In particular, the product of a matrix $\matr A$ with its transpose $\matr A^\top$ can be written as

\[\begin{align} (\matr A \matr A^\top)_{ij} &= \sum_{k=1}^\ell \matr A_{ik}\,\matr A^\top_{kj} = \sum_{k=1}^\ell \matr A_{ik}\,\matr A_{jk}, \nonumber \\[6pt] \matr A \matr A^\top &= \sum_{k=1}^\ell \vec a_{k}\,\vec a_{k}^\top, \label{eq:matrixProductWithTranspose} \end{align}\]

where $\vec a_{k}$ denotes the $k$-th column vector of $\matr A$.

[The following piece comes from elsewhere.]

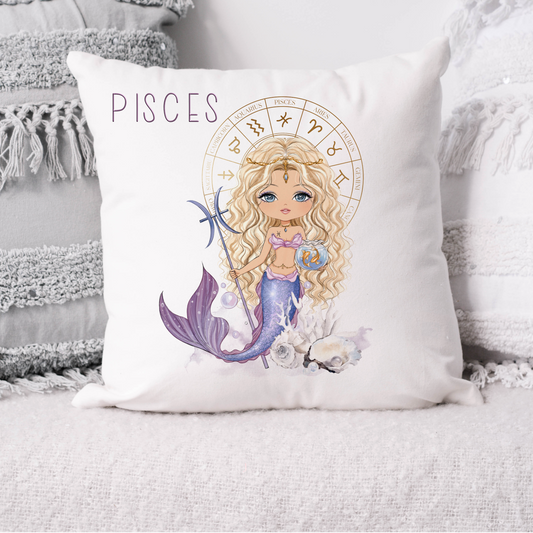 Pisces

We will also use the following simple relation for vectors $\vec a, \vec b$:

\[\begin{align} x &= \vec a^\top \vec b, \\ y &= \vec b^\top \vec a = x^\top = x, \\ xy &= \vec a^\top \vec b \,\vec b^\top \vec a = x^2 = (\vec a^\top \vec b)^2. \label{eq:multOfTwoScalars} \end{align}\]

(Inverse of a Matrix Product)

For invertible square matrices $ \matr A \in \mathbb R^{n \times n} $ and $ \matr B \in \mathbb R^{n \times n} $, the inverse of their product is

\[\begin{align} (\matr A \matr B)^{-1} &= \matr B^{-1} \matr A^{-1}. \label{eq:inverseProduct} \end{align}\]

Indeed,

\[\begin{align} (\matr A \matr B)(\matr B^{-1} \matr A^{-1}) &= \matr A(\matr B \matr B^{-1}) \matr A^{-1} \\[4pt] &= \matr A \mathbf I \matr A^{-1} \\[4pt] &= \matr A \matr A^{-1} \\[4pt] &= \mathbf I, \end{align}\]

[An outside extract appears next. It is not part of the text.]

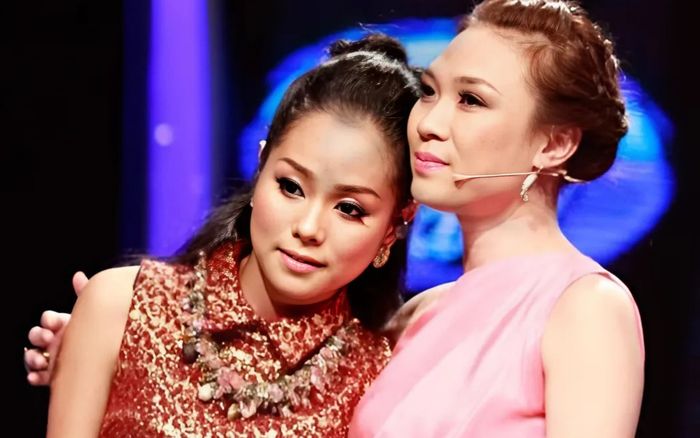 Thêm một học trò lên tiếng về Mỹ Tâm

which verifies the result.

Note that the order of the factors is crucial: in general $ \matr B^{-1} \matr A^{-1} \ne \matr A^{-1} \matr B^{-1} $, since matrix multiplication is not commutative.

Eigenvalues and Eigenvectors

For a square $n \times n$ matrix $\matr A$, a non-zero vector $\vec u$ is called an eigenvector of $\matr A$ if it satisfies

\[\matr A \vec u = \lambda \vec u,\]

where the scalar $\lambda$ is the corresponding eigenvalue.

If the eigenvectors of $\matr A$ are collected as the columns of a matrix $\matr U \in \mathbb R^{n \times n}$, with the $i$-th column given by $\vec u^{(i)}$, and if $\matr \Lambda$ is the diagonal matrix containing the associated eigenvalues $\lambda_i$, then

\[\begin{align} \matr A \matr U &= \matr U \matr \Lambda, \nonumber \\[6pt] \matr A &= \matr U \matr \Lambda \matr U^{-1}, \label{eq:eigendecomp} \end{align}\]

which is known as the eigenvalue decomposition of $\matr A$.

If $\matr A$ is symmetric, its eigenvectors are orthogonal (and can be chosen to be orthonormal). In that case, $\matr U$ is an orthogonal matrix, so $\matr U^{-1} = \matr U^\top$, and the decomposition simplifies to

\[\matr A = \matr U \matr \Lambda \matr U^\top.\]

The square root of a matrix $\matr A$ (denoted $\matr A^{\tfrac{1}{2}}$), defined such that $\matr A^{\tfrac{1}{2}} \matr A^{\tfrac{1}{2}} = \matr A$, can be expressed using the eigenvalue decomposition as:

\[\begin{align} \matr A^{\tfrac{1}{2}} &= \matr U \matr \Lambda^{\tfrac{1}{2}} \matr U^{\tp}, \label{eq:sqrtSymMatrix} \end{align}\]

where $\matr \Lambda^{\tfrac{1}{2}}$ is the diagonal matrix containing the square roots of the eigenvalues of $\matr A$.

Verifying this:

\[\begin{align*} \matr A^{\tfrac{1}{2}} \cdot \matr A^{\tfrac{1}{2}} &= \matr U \matr \Lambda^{\tfrac{1}{2}} \matr U^{\tp} \matr U \matr \Lambda^{\tfrac{1}{2}} \matr U^{\tp} \\ &= \matr U \matr \Lambda^{\tfrac{1}{2}} \matr I \matr \Lambda^{\tfrac{1}{2}} \matr U^{\tp} \\ &= \matr U \matr \Lambda \matr U^{\tp} \\ &= \matr A. \end{align*}\]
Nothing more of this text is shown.